What the exercise asks: Using the listing below, please print exactly the lines from the one with "CADERNO A5 MONSTROS" through the one with "오뚜기 참깨라면컵 65g(OTG". Leave out every picture.

Records provided:
★ ★ ★ ★

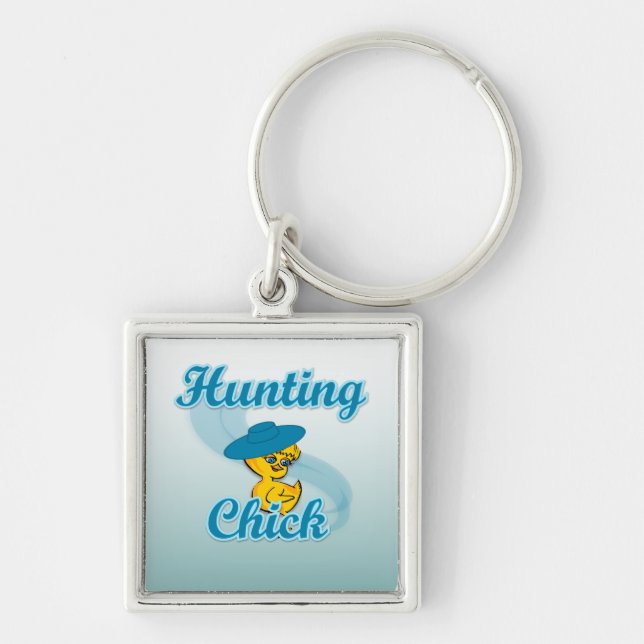 Hunting Chick #3 Keychain (Front)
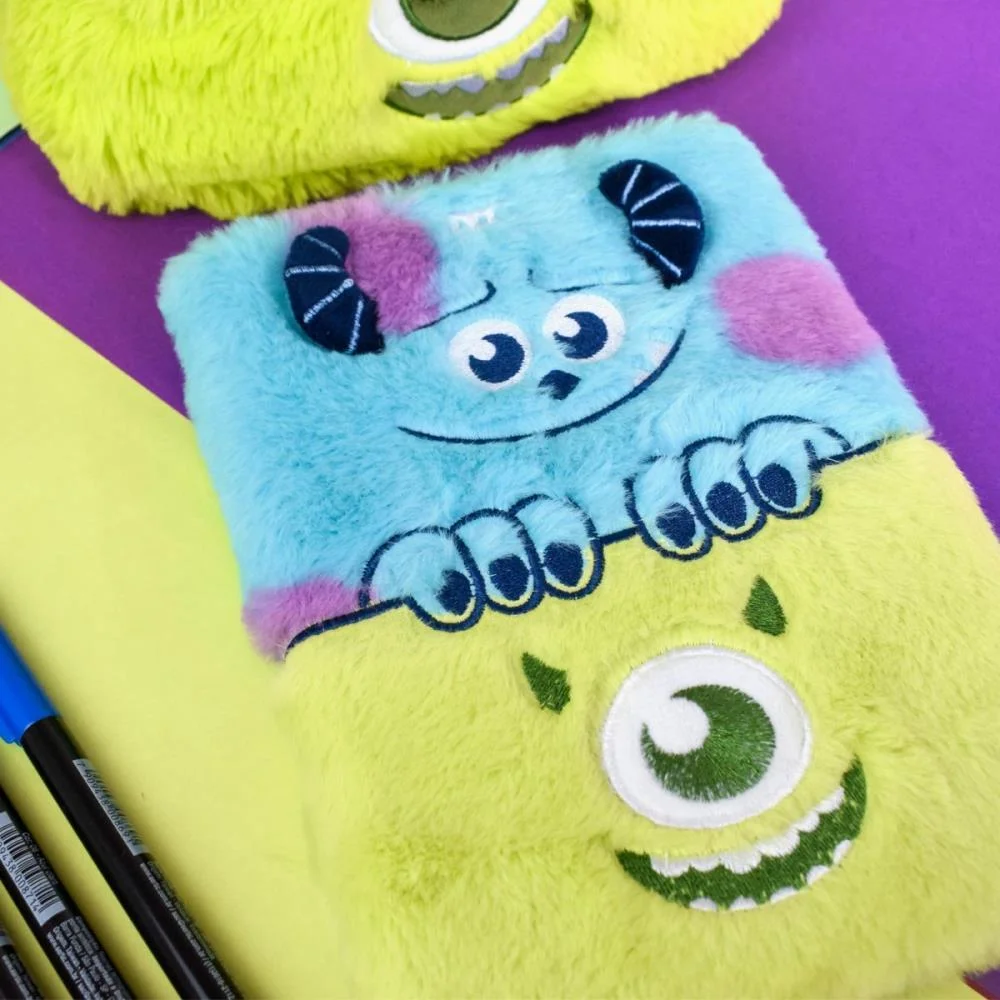 CADERNO A5 MONSTROS S.A C/PELUCIA 80F DAC (UNIDADE) - imagem 5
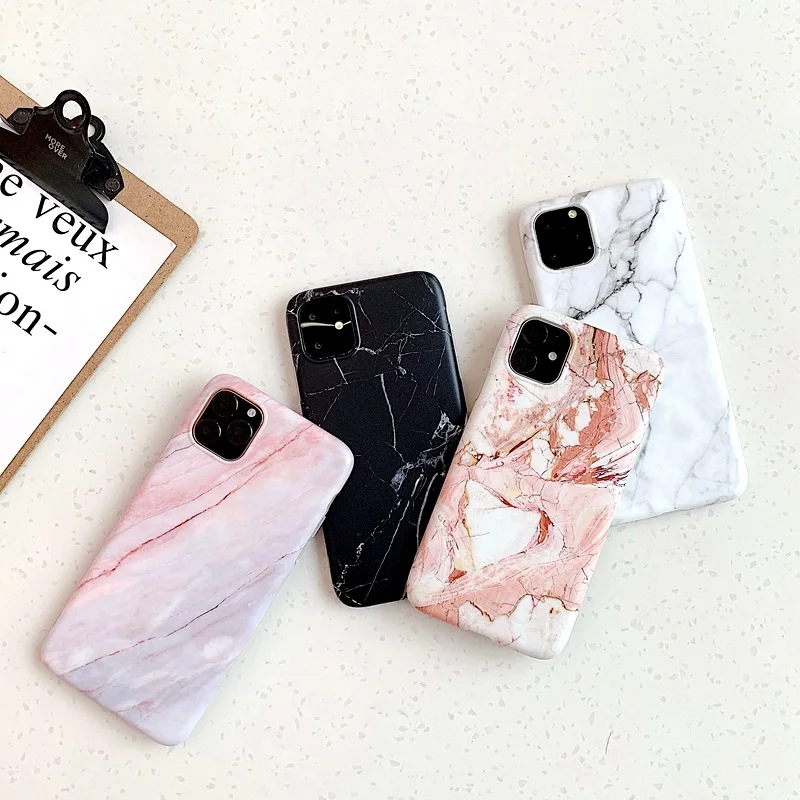 Матовые мраморные Чехлы для iPhone 12mini 11 Pro X XR XS Max мягкий силиконовый IMD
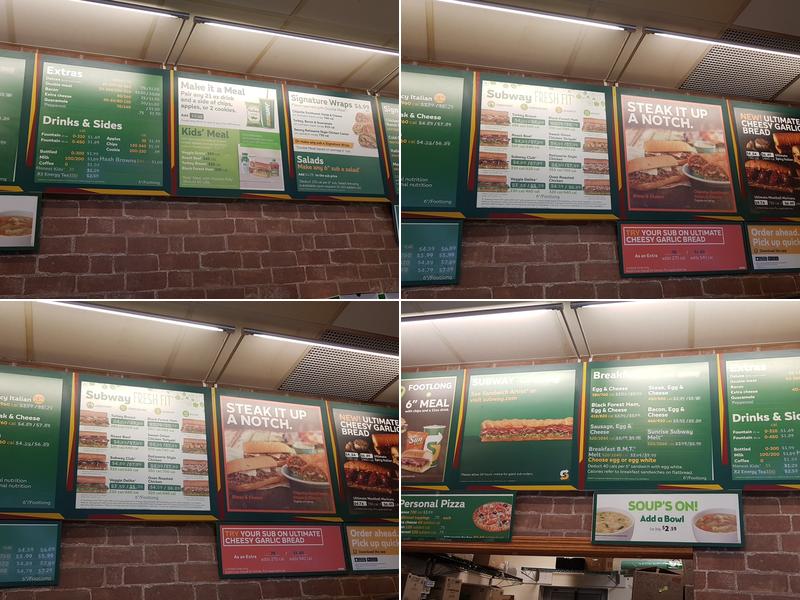 Subway Menu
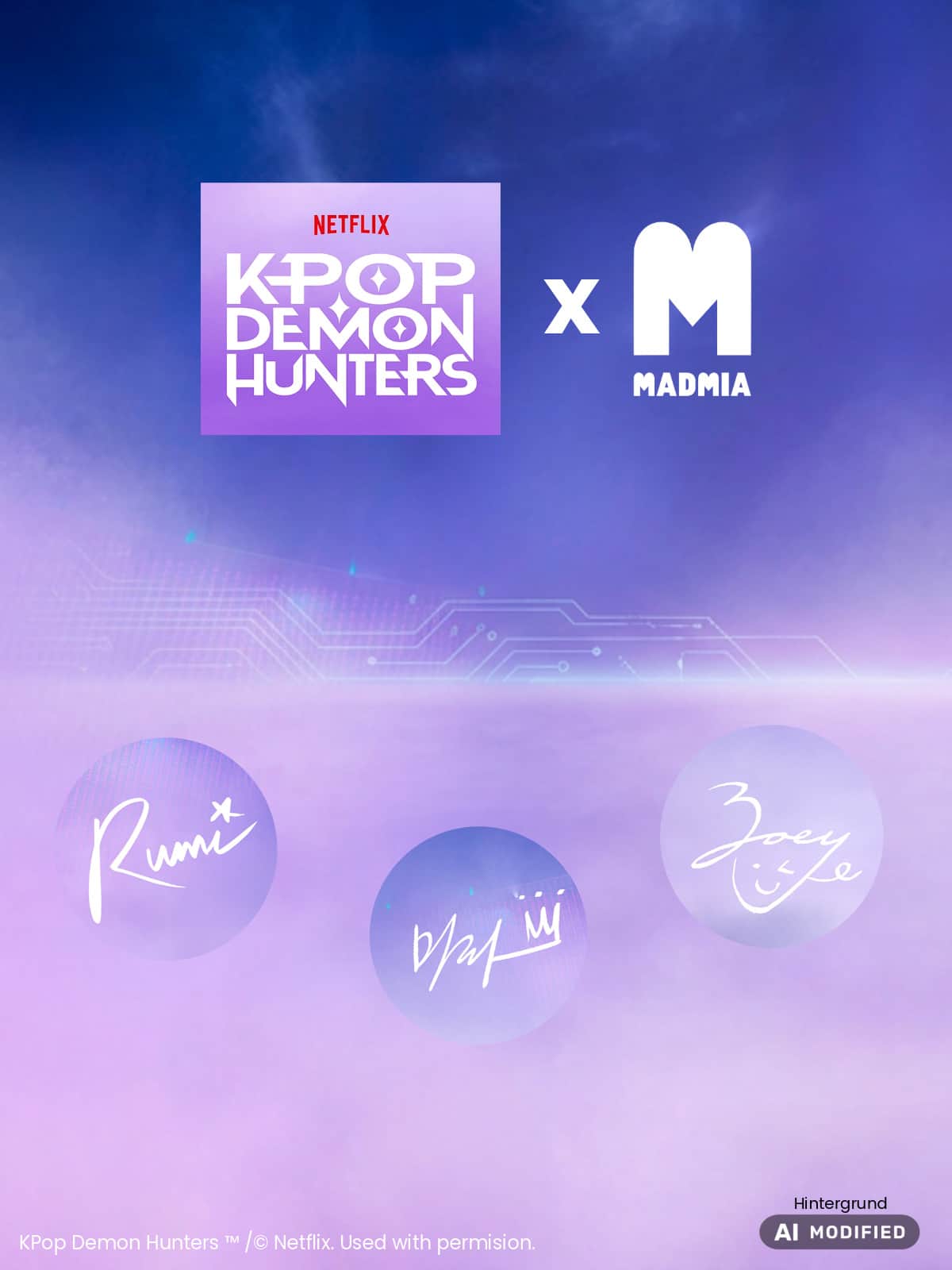 MADMIA K-POP Demon 
Hunters
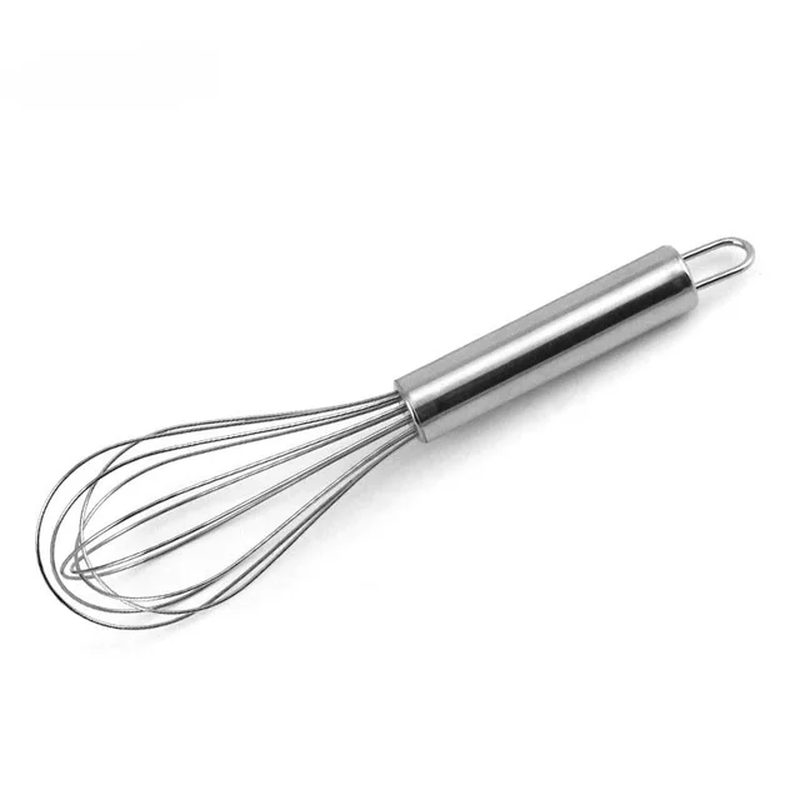 1Pcs Gold Stainless Steel Egg Beater Hand Whisk Egg Mixer Baking Cake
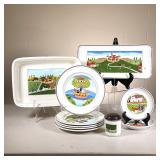  (10pc) Villeroy & Boch Dinnerware | Including five 8-inch plates, two small plates, serving platter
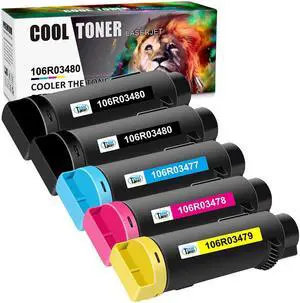 1Set + 1BK Color Toner Cartridge for Xerox Phaser 6510 WorkCentre 6515 dn dni n 106R03480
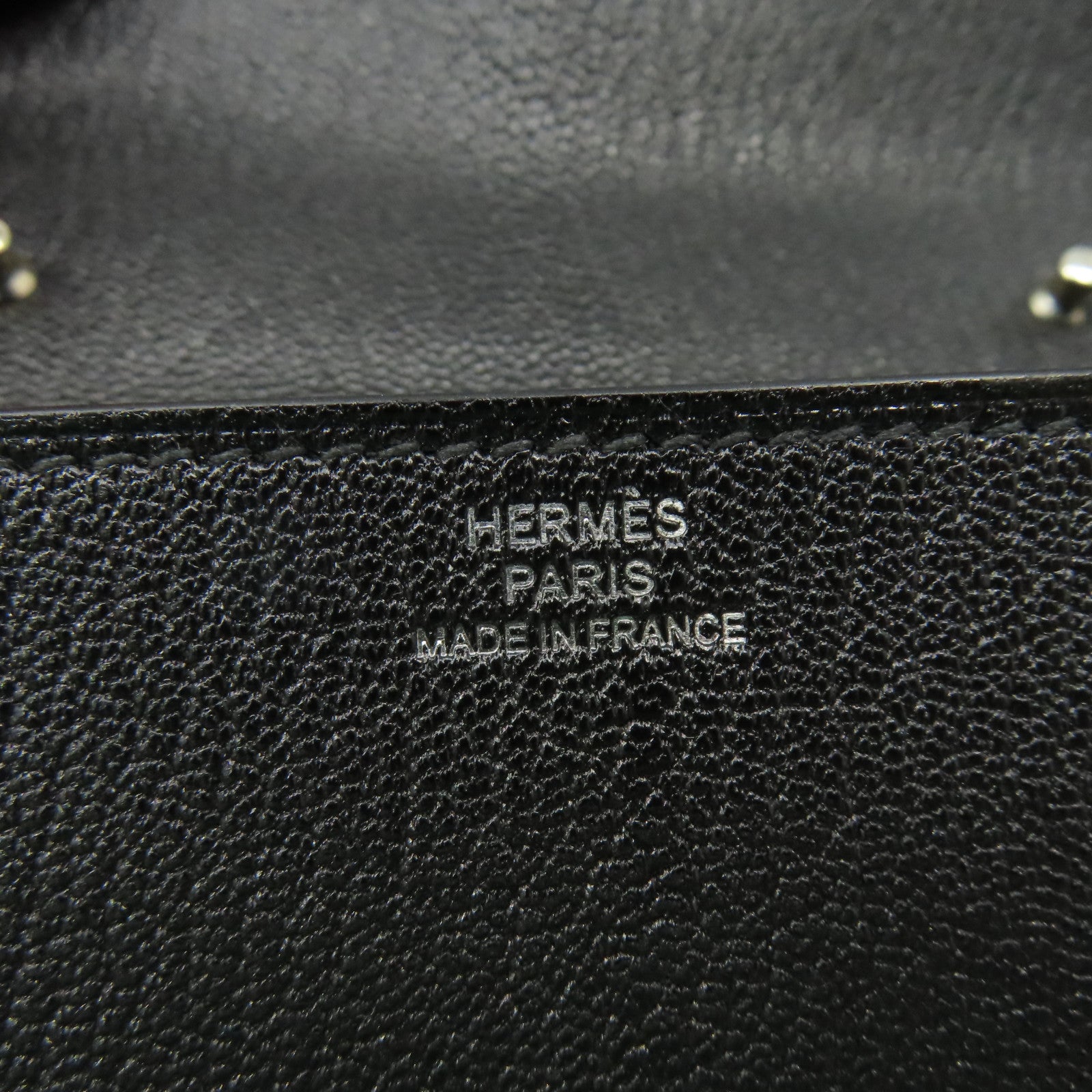 HERMES 【激減優惠】Chevre皮革Clic 16 Wallet銀扣肩背袋/錢包黑色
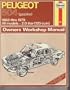 Peugeot 504 Owners Workshop Manual/1968 Thru 1979
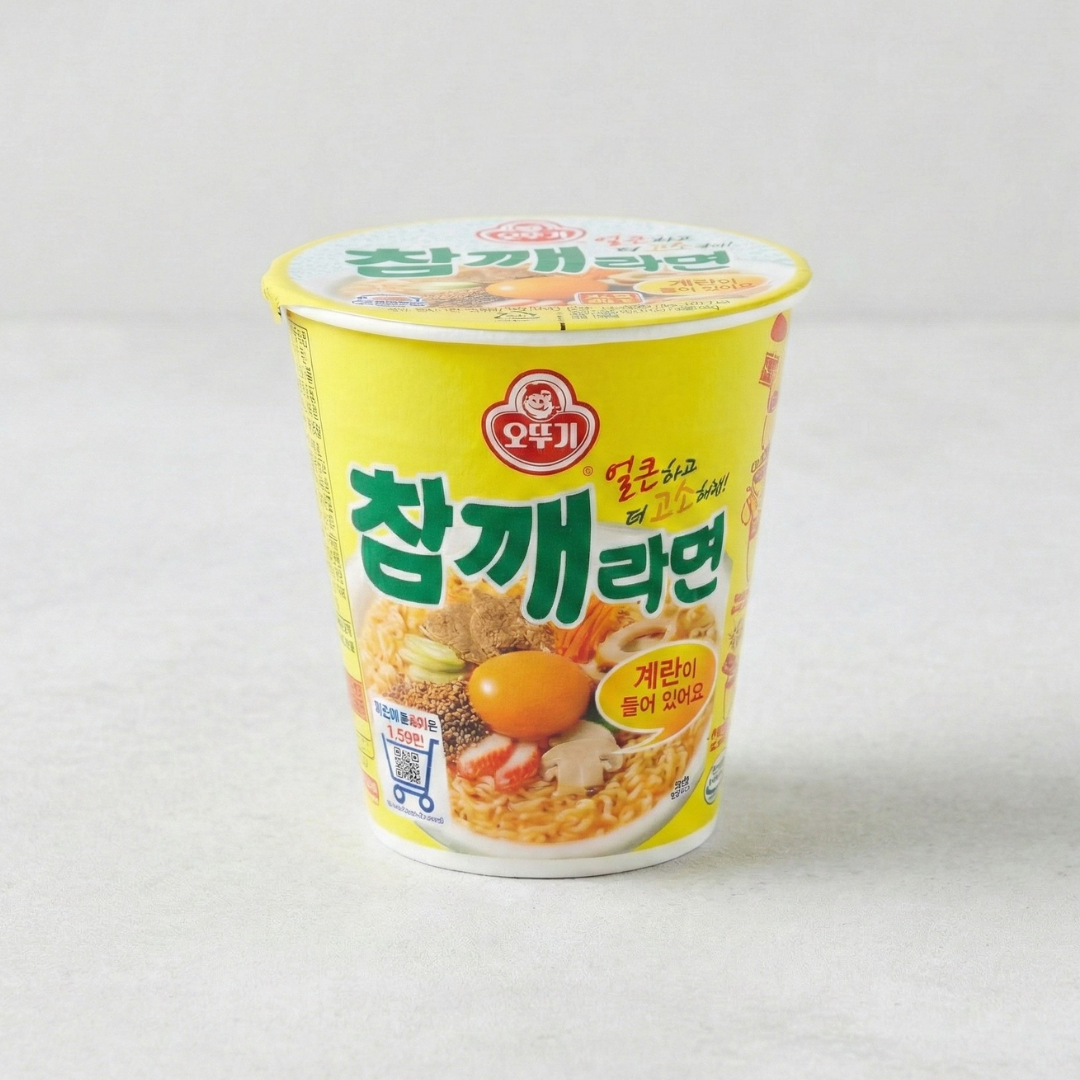 오뚜기 참깨라면컵 65g(OTG Sesame Ramen Cup 65g)[SINGLE]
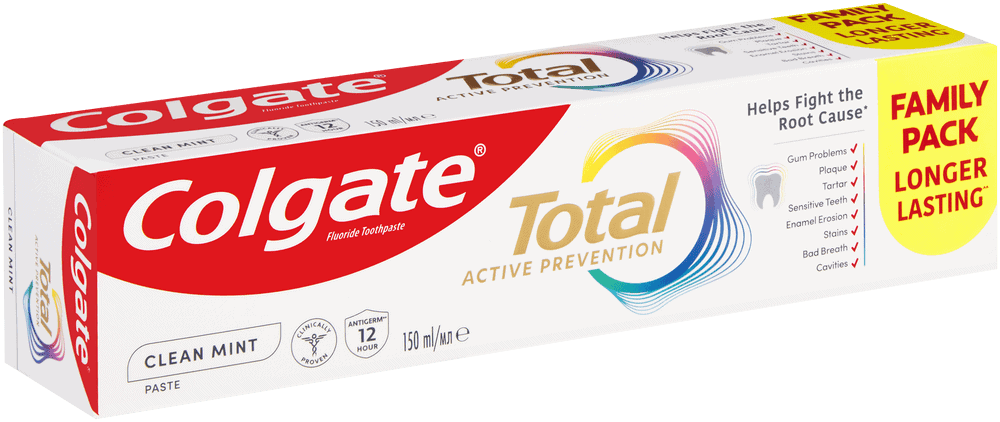 Colgate Total Clean Mint Fluoride Toothpaste 150ml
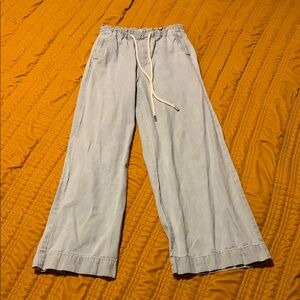 Light Blue Wide-Leg Pants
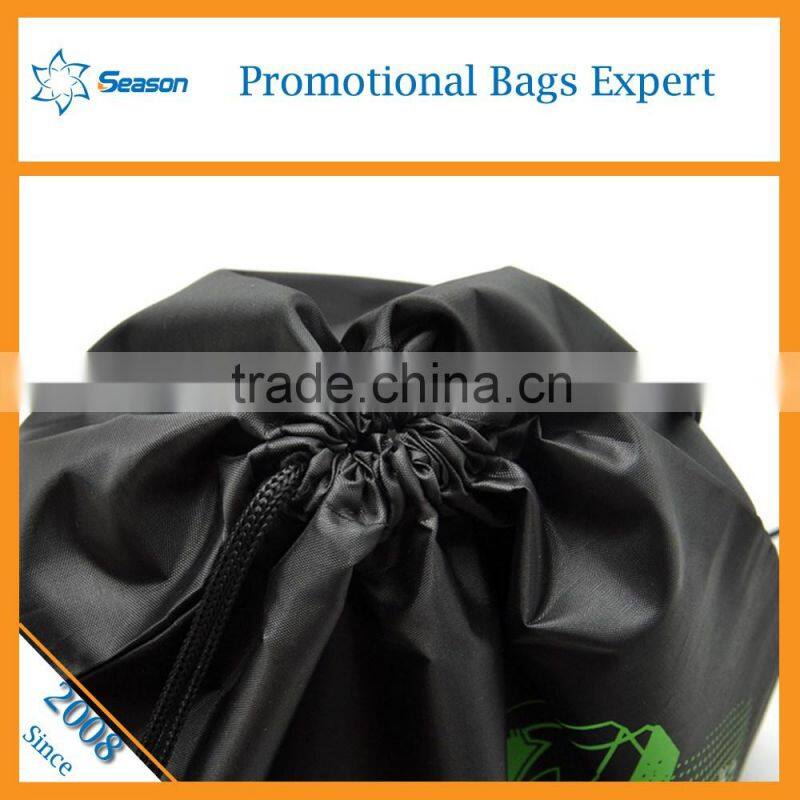 2016 new design polyester drawstring bag cord wholesale drawstring backpack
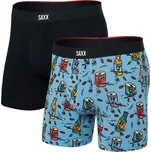 Saxx Vibe Xtra (2Pack) Soft Comfort Boxer Brief 6 Muži - Spodní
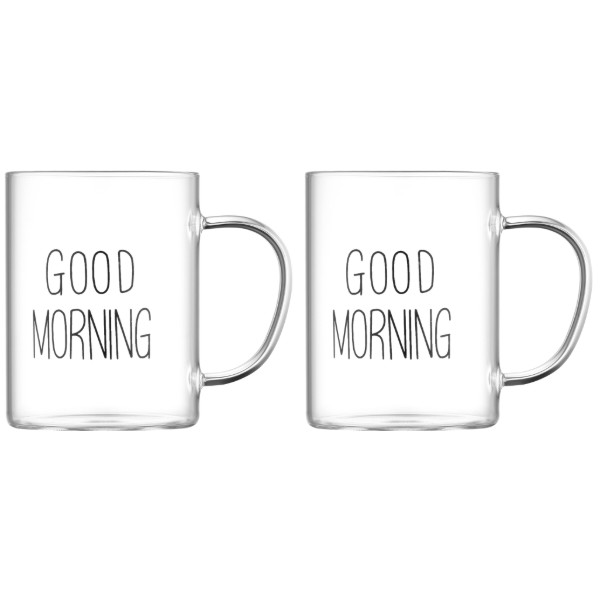 Фото - Набір чашок ARDESTO Good Morning 420 мл 2 шт. (AR2642GM)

★ ★ ★ ★

Reply:
 CADERNO A5 MONSTROS S.A C/PELUCIA 80F DAC (UNIDADE) - imagem 5
 Матовые мраморные Чехлы для iPhone 12mini 11 Pro X XR XS Max мягкий силиконовый IMD
 Subway Menu
 MADMIA K-POP Demon 
Hunters
 1Pcs Gold Stainless Steel Egg Beater Hand Whisk Egg Mixer Baking Cake
  (10pc) Villeroy & Boch Dinnerware | Including five 8-inch plates, two small plates, serving platter
 1Set + 1BK Color Toner Cartridge for Xerox Phaser 6510 WorkCentre 6515 dn dni n 106R03480
 HERMES 【激減優惠】Chevre皮革Clic 16 Wallet銀扣肩背袋/錢包黑色
 Peugeot 504 Owners Workshop Manual/1968 Thru 1979
 오뚜기 참깨라면컵 65g(OTG Sesame Ramen Cup 65g)[SINGLE]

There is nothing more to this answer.